JCPOA: Uma Retirada que Comprometeu a Segurança Global
Quando se avalia uma decisão de política externa, há muitas métricas possíveis: ganhos económicos, alianças estratégicas, fidelidade ideológica ou promessas eleitorais. Mas se isolarmos a segurança global como critério primordial — acima de tudo o resto — então a decisão de Donald Trump de retirar unilateralmente os Estados Unidos do acordo nuclear com o Irão (JCPOA) em 2018 revela-se uma falha política grave, cujos efeitos continuam a comprometer a estabilidade mundial.
A Segurança Global como Referência Absoluta
Visto sob o prisma exclusivo da segurança internacional, o abandono do JCPOA é quase indefensável. Eis porquê:
1. Proliferação Nuclear Acelerada
O Irão, libertando-se das restrições do acordo, acelerou o enriquecimento de urânio e desenvolveu centrífugas mais avançadas. O “tempo de ruptura” — o período necessário para produzir material físsil suficiente para uma arma — diminuiu drasticamente. Ou seja, o Irão está hoje mais perto da bomba do que estaria se o acordo tivesse sido mantido. Esta é uma ameaça direta e grave à segurança global.
2. Risco Acrescido de Conflito Armado
Com o Irão mais próximo de obter capacidade nuclear militar, a probabilidade de uma ação militar preventiva por parte de Israel — ou dos próprios EUA — aumentou substancialmente. Um ataque ao Irão arrastaria toda a região para o caos, podendo escalar rapidamente para um conflito de grandes proporções, com impacto devastador na economia global e na segurança internacional.
3. Erosão da Credibilidade Diplomática
Ao abandonar um acordo que estava a ser cumprido — confirmado pela Agência Internacional de Energia Atómica — os EUA fragilizaram toda a arquitetura internacional de não-proliferação. Passaram a mensagem de que os compromissos multilaterais podem ser descartados ao sabor da política interna. Isto mina a confiança em futuros acordos e enfraquece o sistema que, apesar de imperfeito, tem impedido a disseminação de armas nucleares desde a Guerra Fria.
4. Desestabilização Regional Crónica
Desde então, o Médio Oriente mergulhou numa nova fase de instabilidade: ataques a petroleiros, drones abatidos, sabotagens, assassinatos de figuras-chave e um clima permanente de confronto. A decisão de Trump funcionou como um fósforo lançado num barril de pólvora — e o fumo ainda não assentou.

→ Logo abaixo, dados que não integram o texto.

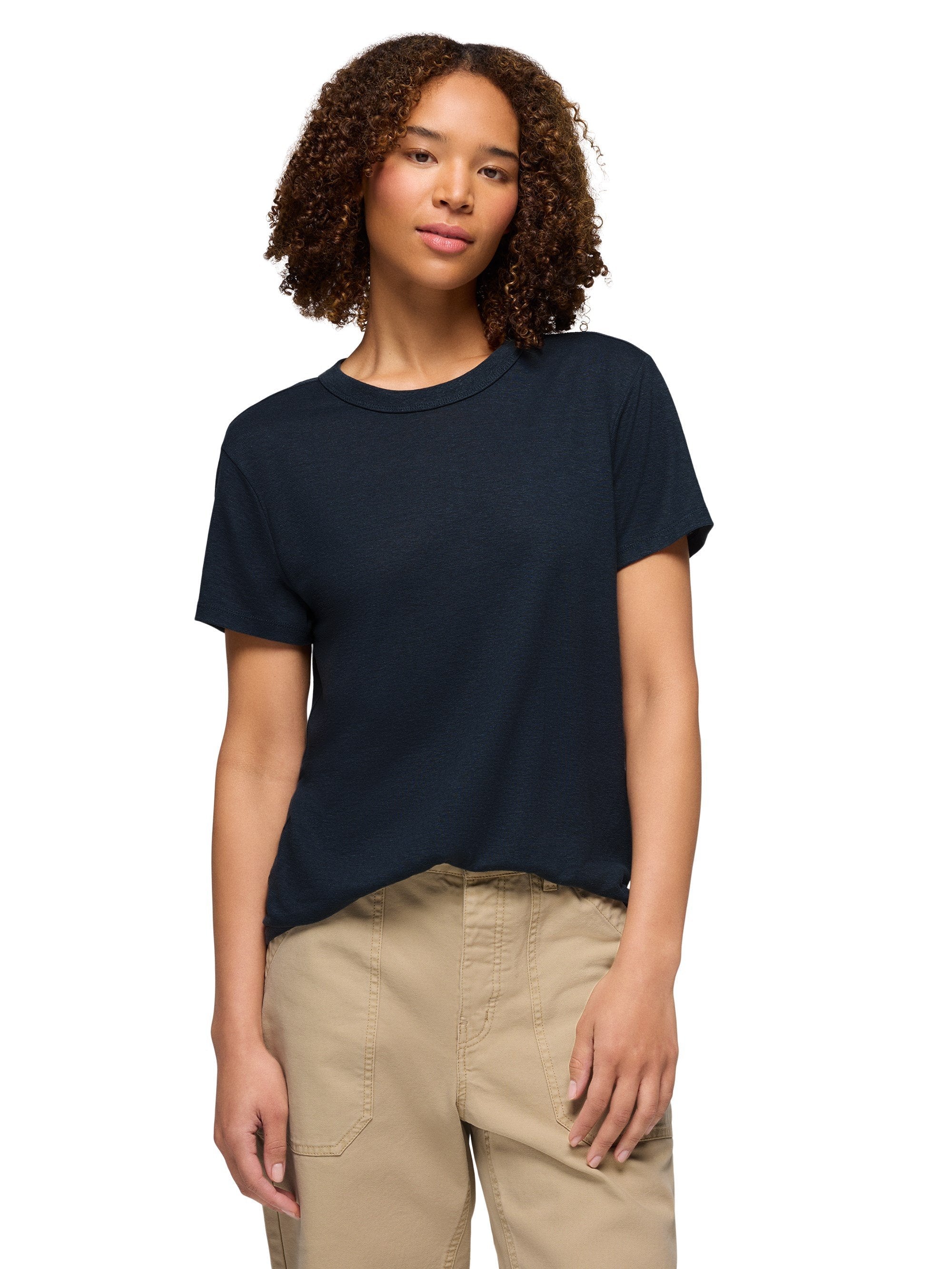 prAna Womens Cozy Up Short Sleeve Crew Tee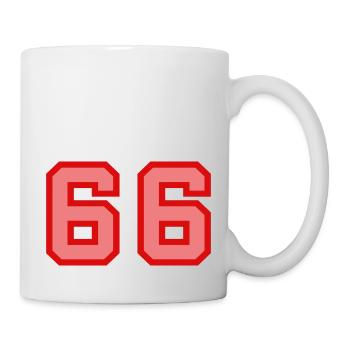 Cool Retro Retrostyle Jersey Number Back Number - Mug - white - Right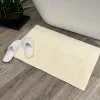Covor de baie confortabil fildeș 50x80, 700 g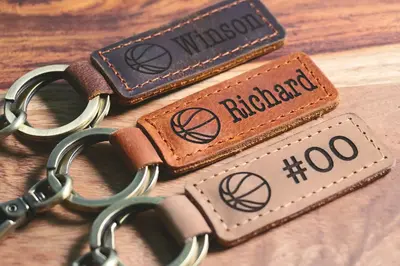 Personalized Basketball Keychain. Basketball Name Tag Keychain. Backpack Name Tag. Basketball Team Gift. Basketball Coach Gif...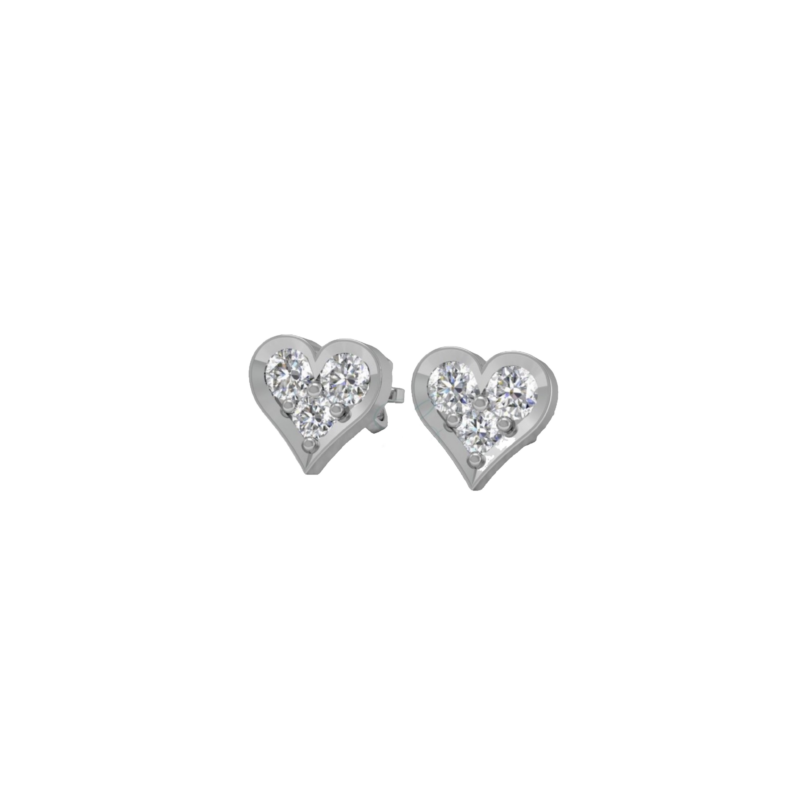 Náušnice Tenderness - bílé zlato, diamanty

Política Real vs. Consequências Reais
É evidente que nenhum líder decide exclusivamente com base na segurança global. Há pressões internas, interesses estratégicos, ideologias, egos e eleições. Mas a política internacional exige visão, responsabilidade e uma consciência profunda do impacto a longo prazo.
Trump apresentou a sua decisão como uma demonstração de força. Na realidade, foi um ato de fraqueza estratégica, que sacrificou um instrumento de controlo efetivo por um gesto de confronto vazio. E o mundo ficou mais inseguro.
Conclusão: Uma Métrica, Um Veredito
Se aceitarmos que a segurança global é o objetivo supremo da diplomacia contemporânea, então o abandono do JCPOA foi um erro crasso — não apenas dos EUA, mas da ordem internacional que permitiu que isso acontecesse sem alternativa. O mundo ficou mais perto de um conflito nuclear, os esforços de não-proliferação foram debilitados, e a instabilidade no Médio Oriente tornou-se regra, não exceção.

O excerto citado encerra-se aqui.